Why do they even bother performing Mahler with an audience present.


----------



## Blake (Nov 6, 2013)

That's just splendid. It can be ridiculous how much people cough at a concert. Are they completely ignorant to the fact that they are tarnishing the show and recording? Shut-up, get up, and take a long walk off a short pier.


----------



## Guest (Nov 26, 2013)

Well, I rarely find myself disagreeing with Vesuvius. In fact, I believe that this is the first time.

I used to agree with this, of course. But realistically, you have to understand that there are two big balls or _spheres_ of existence operating here, the private sphere, which you alone inhabit (and maybe a few close friends--but probably not; just you), and the public sphere, which you share with others (including those close friends, now).

And as soon as you leave your house (or your room), aka "the private sphere," the rules change. Suddenly there are other people all around, people with different needs, different desires, different expectations, and, possibly, different bronchial conditions. Some may even be bleeding from their eyes. It could happen. The people who got into the concert hall did so by paying money. For the most part. I agree that they should try not to cough during Mahler's ninth. But there it is. And aside from the one's with comps, they all paid for their tickets and so belong right where they are. None of those coughers are me. And I'm not at home, by myself. I've elected to come out into the public sphere. There's bound to be some stuff to put up with.

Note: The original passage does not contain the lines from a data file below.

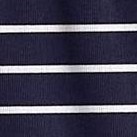 marine navy w- white stripes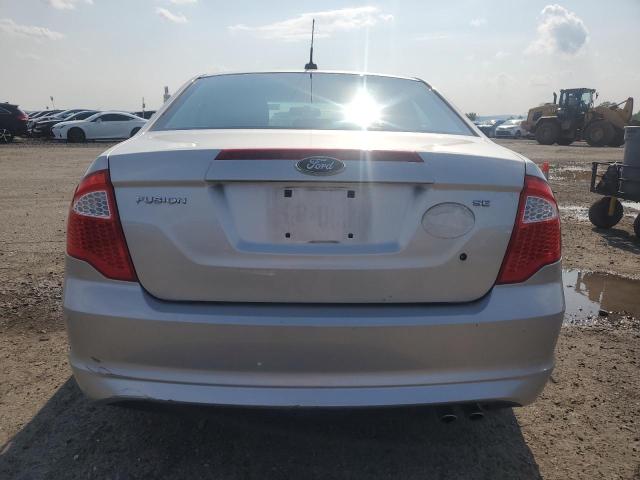  FORD FUSION 2012 Серебристый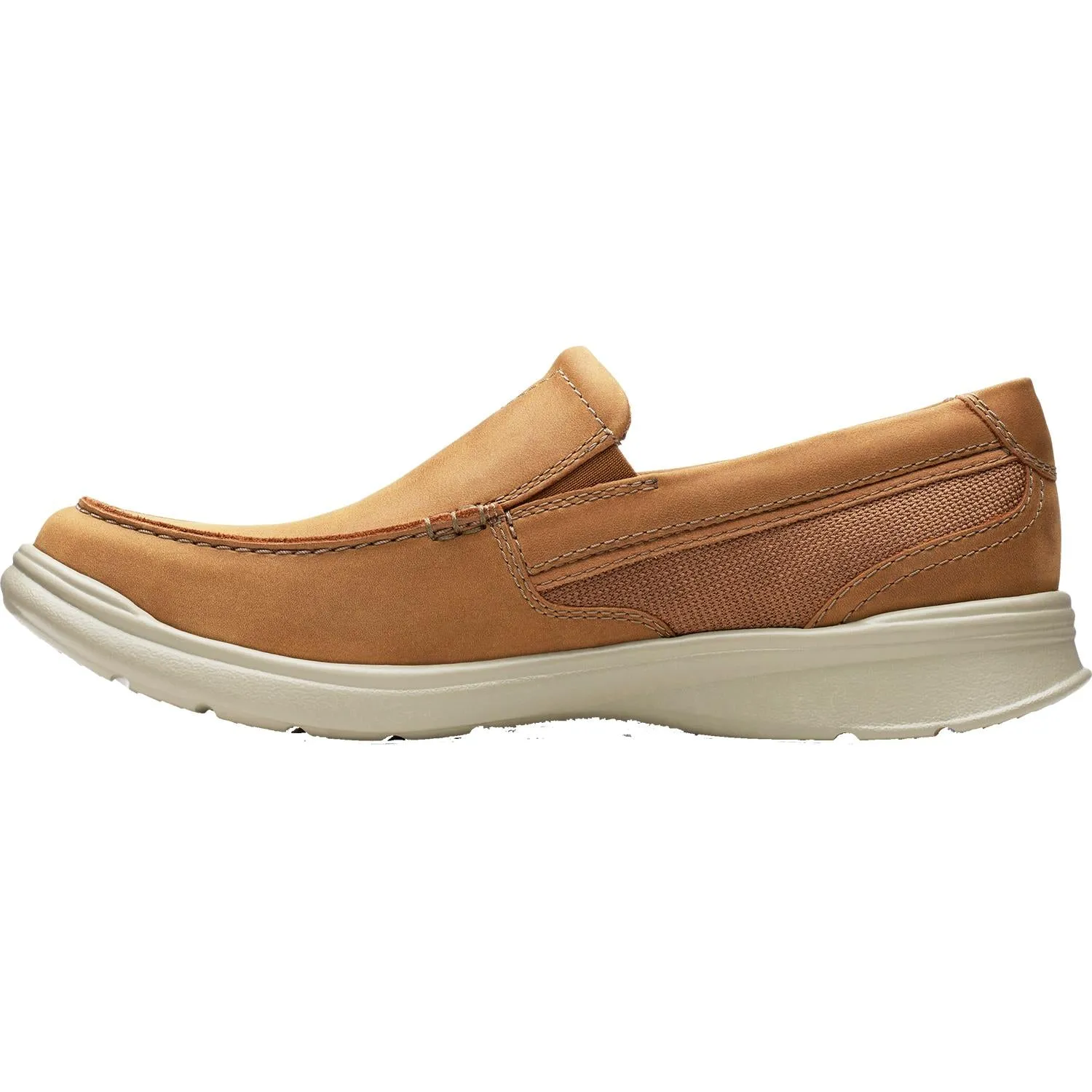 Men's Clarks Cotrell Easy Tan Leather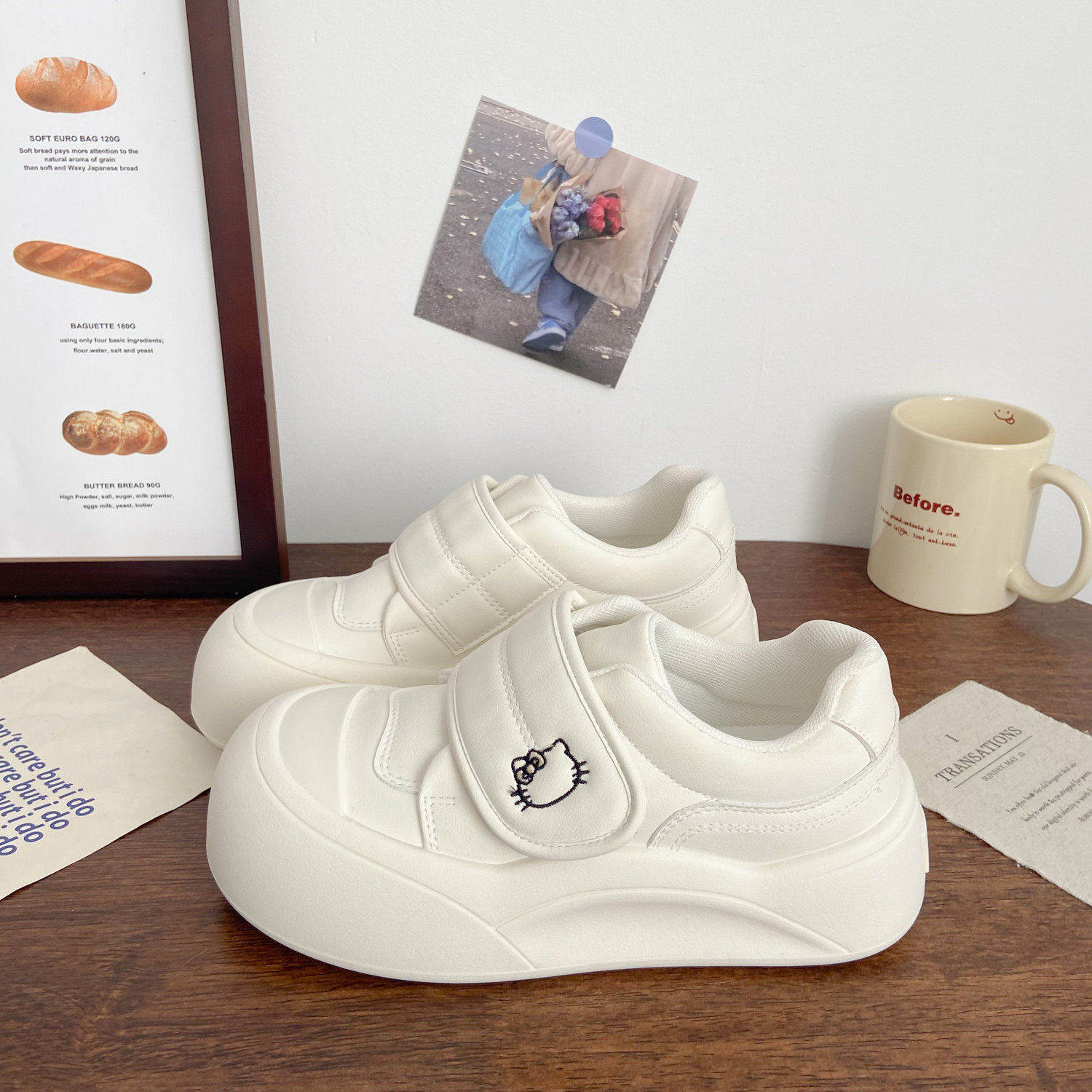 女童小白鞋2026春季新款女孩板鞋中大童运动鞋学生休闲鞋平底鞋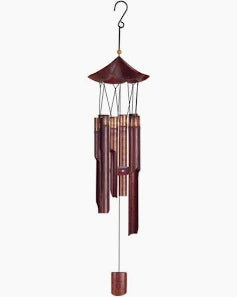 Pagoda Bamboo Wind Chime - SVD
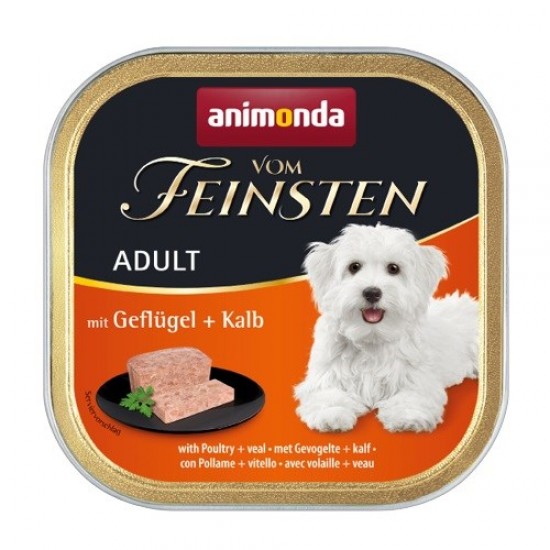 animonda Vom Feinsten Classic flavor: poultry and veal 150 g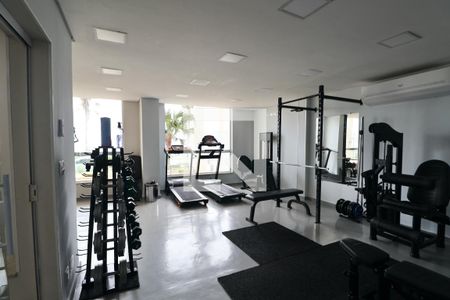 Apartamento para alugar com 125m², 4 quartos e 1 vaga Apartamento para alugar com 125m², 4 quartos e 1 vagaÁrea comum - Academia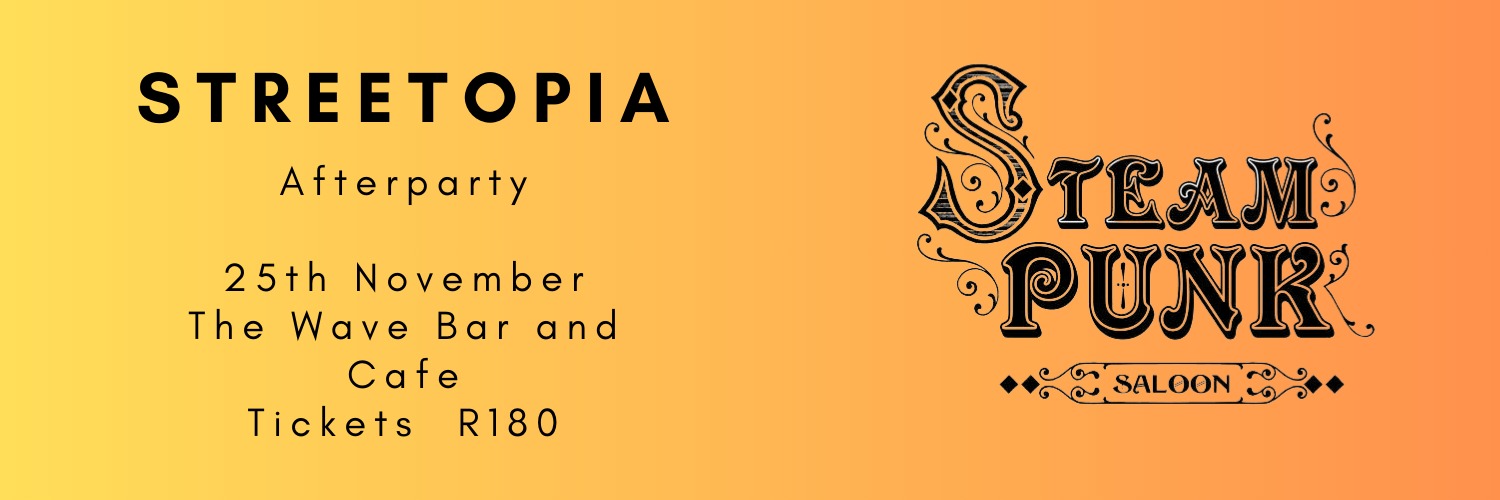 The Steampunk Saloon, Streetopia Afterparty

Nothing I could do or say would turn any of those others into myself--Gott sei dank--ergo, they will continue to be different from me. Oh well.

[By the way, I first thought of skipping over Vesuvius' post and making some cool response to Couchie's brilliant idea. No good. I'm not smart enough or funny enough. Still, I'll say "hilarious" and leave it at that.:tiphat:]


----------



## Mahlerian (Nov 27, 2012)

Couchie said:


> Why do they even bother performing Mahler with an audience present.


Because no one would pay to come if they were performing Wagner's Symphony in C.


----------



## Tristan (Jan 5, 2013)

I wouldn't be surprised. MTT is touchy about Mahler and I don't blame him at all. I remember one time when I was at Mahler's 8th with MTT (which was being recorded), and the children's chorus didn't come in when they were supposed to and I could tell MTT was really pissed. Poor kids; I don't know what their problem was. There went _that_ recording.


----------



## Blake (Nov 6, 2013)

I'll admit, my comment was an emotional response lingering from a recent experience... one of listening to a recording while constantly being distracted by the audience's coughing and tinkering. I've been to several concerts where the coughing isn't a bother. But I'm also aware that it can get out of hand... where there seems to be an absurd collective of sickly and restless people in one hall.


----------



## quack (Oct 13, 2011)

Easily solved movie plots #176:









"where's Michael Tilson Thomas when you need him... *COUGH*"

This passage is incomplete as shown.